Concrete pattern (any Python DB-API driver — no db feature): map query results to DataSet(schema, rows) yourself.
import rust_data_processing as rdp
# After cursor.execute(...): build schema from your column names + logical types,
# then rows = list(cursor.fetchall()) (or batch). Example shape:
schema = [
{"name": "id", "data_type": "int64"},
{"name": "name", "data_type": "utf8"},
]
rows = [[1, "ada"], [2, "grace"]]
ds = rdp.DataSet(schema, rows)
Direct DB ingestion (ConnectorX) (feature-gated)

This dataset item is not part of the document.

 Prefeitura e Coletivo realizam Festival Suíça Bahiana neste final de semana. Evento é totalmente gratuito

The native module must be built with the db Cargo feature (see python-wrapper/README_DEV.md). Then:
# Infer column types from the query result
ds = rdp.ingest_from_db_infer(
"postgresql://user:pass@localhost:5432/db?cxprotocol=binary",
"SELECT id, score, active FROM my_table",
)
print("rows", ds.row_count())
# Or provide an explicit schema (same strings as file ingest)
schema = [
{"name": "id", "data_type": "int64"},
{"name": "score", "data_type": "float64"},
{"name": "active", "data_type": "bool"},
]
ds = rdp.ingest_from_db(
"postgresql://user:pass@localhost:5432/db?cxprotocol=binary",
"SELECT id, score, active FROM my_table",
schema,
)
End-user transformation spec (TransformSpec) (Phase 1)

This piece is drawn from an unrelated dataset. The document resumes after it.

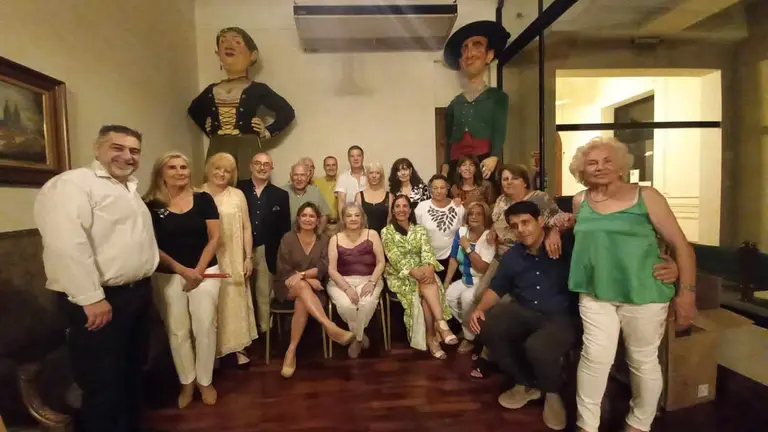 Arg.Fed CyL-Despedida Año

transform_apply accepts a dict (or JSON string) in the same serde shape as Rust’s TransformSpec:
import rust_data_processing as rdp
schema_in = [
{"name": "id", "data_type": "int64"},
{"name": "score", "data_type": "int64"},
{"name": "weather", "data_type": "utf8"},
]
rows = [[1, 10, "drizzle"], [2, None, "rain"]]
ds = rdp.DataSet(schema_in, rows)
spec = {
"output_schema": {
"fields": [
{"name": "id", "data_type": "Int64"},
{"name": "score_f", "data_type": "Float64"},
{"name": "wx", "data_type": "Utf8"},
]
},
"steps": [
{"Rename": {"pairs": [["weather", "wx"]]}},
{"Rename": {"pairs": [["score", "score_f"]]}},
{
"Cast": {
"column": "score_f",
"to": "Float64",
"mode": "lossy",
}
},
{"FillNull": {"column": "score_f", "value": {"Float64": 0.0}}},
{"Select": {"columns": ["id", "score_f", "wx"]}},
],
}
out = rdp.transform_apply(ds, spec)
assert out.column_names() == ["id", "score_f", "wx"]

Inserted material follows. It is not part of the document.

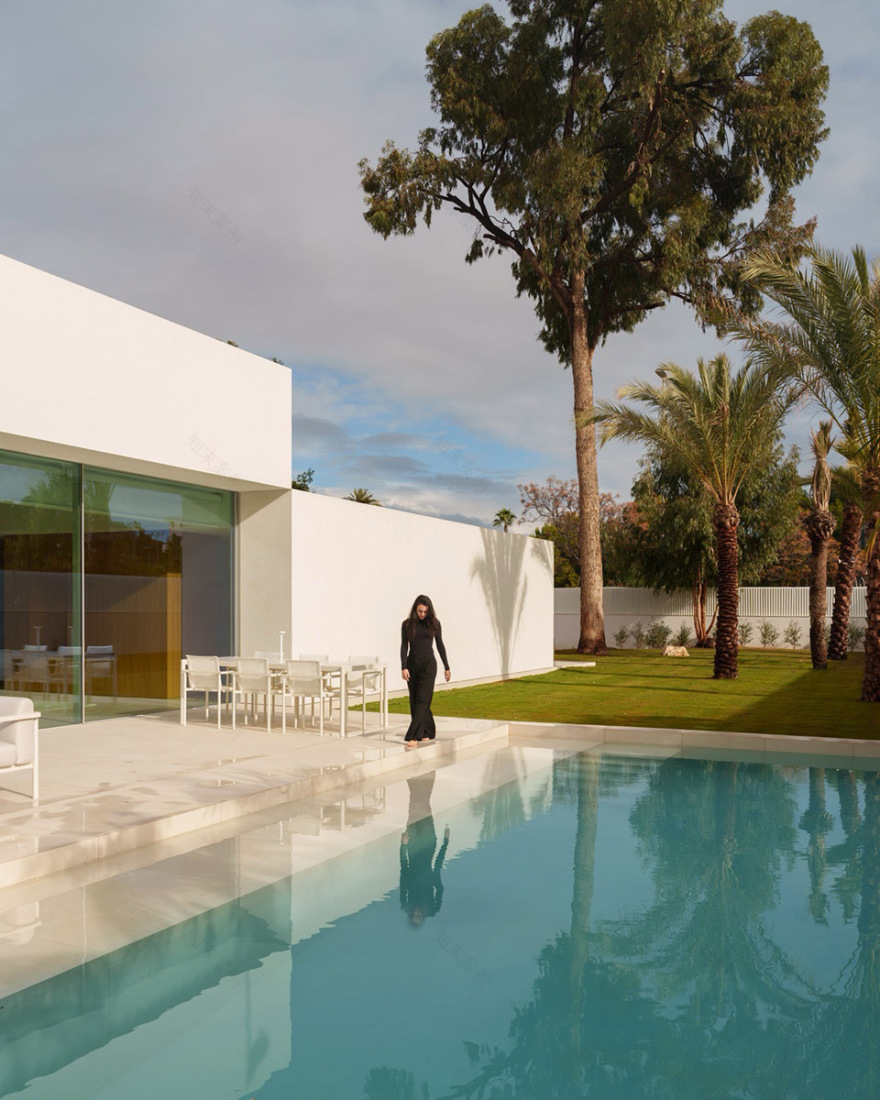 Cano住宅丨西班牙丨Fran Silvestre Arquitectos-31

ML / training-dataset prep (Phase 1)
For tabular ML, teams usually combine data quality and understanding before training or batch inference: profile columns (nulls, ranges, quantiles), validate business rules (not-null, regex, ranges), and optionally flag outliers for review. This library keeps those steps on a single DataSet; see Profiling, Validation, and Outlier detection below. Raw JSON or Markdown report strings are available as profile_dataset_json / profile_dataset_markdown (and the validate_* / detect_outliers_* variants) if you want files or PR comments instead of dicts.
Profiling (Phase 1)
import rust_data_processing as rdp
schema = [{"name": "score", "data_type": "float64"}]
rows = [[1.0], [None], [3.0]]
ds = rdp.DataSet(schema, rows)
rep = rdp.profile_dataset(
ds,
{"head_rows": 2, "quantiles": [0.5]},
)
assert rep["row_count"] == 2
assert rep["columns"][0]["null_count"] == 1
Markdown for humans (e.g. paste into a doc or ticket):
md = rdp.profile_dataset_markdown(ds, {"head_rows": 100, "quantiles": [0.5, 0.95]})
Validation (Phase 1)
import rust_data_processing as rdp
schema = [{"name": "email", "data_type": "utf8"}]
rows = [
["ada@example.com"],
[None],
["not-an-email"],
]
ds = rdp.DataSet(schema, rows)
rep = rdp.validate_dataset(
ds,
{
"checks": [
{"kind": "not_null", "column": "email", "severity": "error"},
{
"kind": "regex_match",
"column": "email",
"pattern": r"^[^@]+@[^@]+\.[^@]+$",
"severity": "warn",
"strict": True,
},
],
},
)
assert rep["summary"]["total_checks"] >= 2
Outlier detection (Phase 1)
import rust_data_processing as rdp
schema = [{"name": "x", "data_type": "float64"}]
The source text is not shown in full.